One of those soldiers in the running by the time of the foot march was Spc. James Spoerl, from 1st Theater Sustainment Command. Though this was his first Best Warrior competition, Spoerl said he wasn’t completely clueless about what to expect.

“Leaders gave me some things to study and told me to go in with a good attitude,” he said. “It was tough, though. There were a couple of guys out there who did well in areas that maybe I wasn’t the best in.”

Spoerl said he was a little distracted coming into the competition. The week prior, he had received some big news.

“I just got accepted into West Point,” he said. “My head was definitely on the West Point news, but I was also trying to focus on Best Warrior, too. Finding out I had made it right before the competition definitely gave me a nice little boost.”

On the NCO side, Sgt. 1st Class Ronald Roden, from 1st Army Division East, was looking for a win. He had competed in last year’s NCO of the Year competition and later captured second place at the 1st Army competition. That year, COVID-19 forced leaders to do away with most physical events and rely on paper accomplishments.

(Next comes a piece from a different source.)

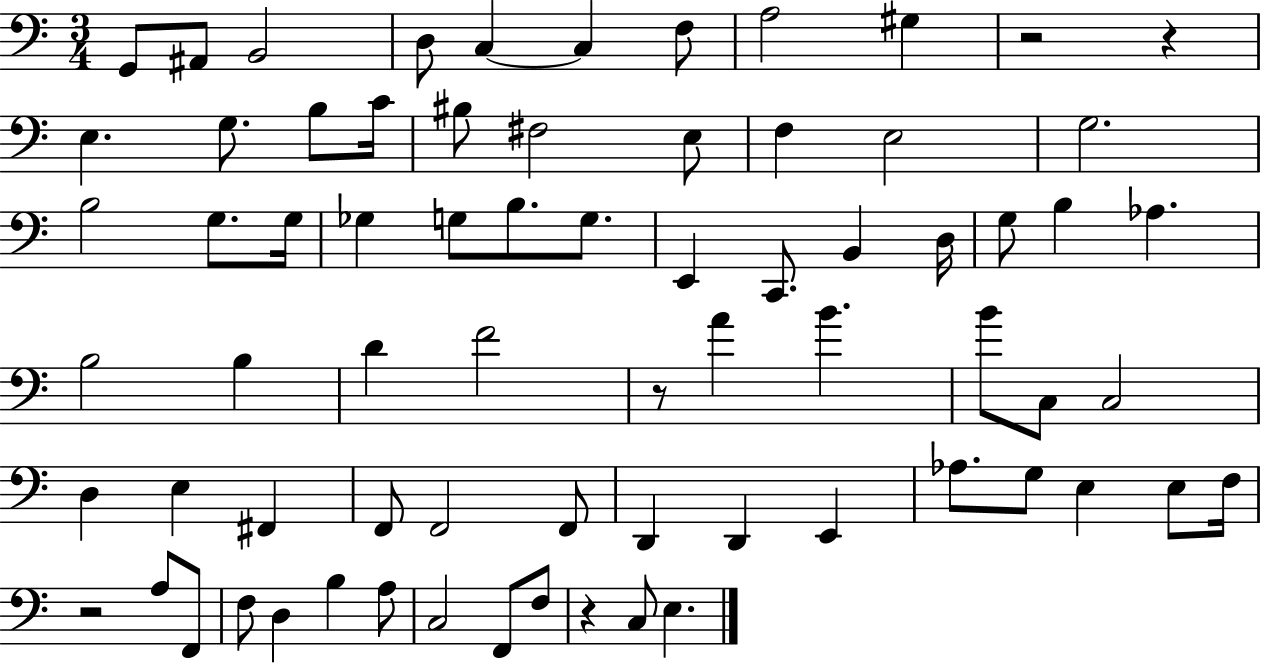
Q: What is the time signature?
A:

“They took out all the physical events last year,” he said, “so the only thing we did for 1st Army was a board.”

Going into this year’s competition, Roden thought he had a good chance at winning because leaders at his unit gave him ample time to prepare.

“Physically, I felt better than I ever have, even at my age,” said Roden, who turns 38 later this month. “I was more physically prepared, especially for the challenges I knew was going to happen. I felt unbeatable.”

An 11B infantryman, Roden said one set of tasks caught him by surprise.

“The medical lanes,” he said. “The new performance standards for the (Expert Soldier Badge) and the (Expert Infantryman Badge) standards for the medical lane humbled me a little bit and wrapped me up. I definitely felt unprepared.”

During the closing ceremony, the narrator read off the names of each competitor, and called the crowd to applaud all their efforts.

“Ladies and gentlemen, the 2021 Fort Knox Best Warrior, and Noncommissioned Officer and Soldier of the Year, are Sgt. 1st Class Ronald Roden, from 1st Army Division East and Spc. James Spoerl from 1st Theater Sustainment Command.”

Whitely said Fort Knox selected the best of the Best Warriors.

“Every command was able to identify their best. Some of the commands sent their best, and some of them allowed us to send their best,” said Whiteley. “At the end of the day, we had extremely high caliber people out there.”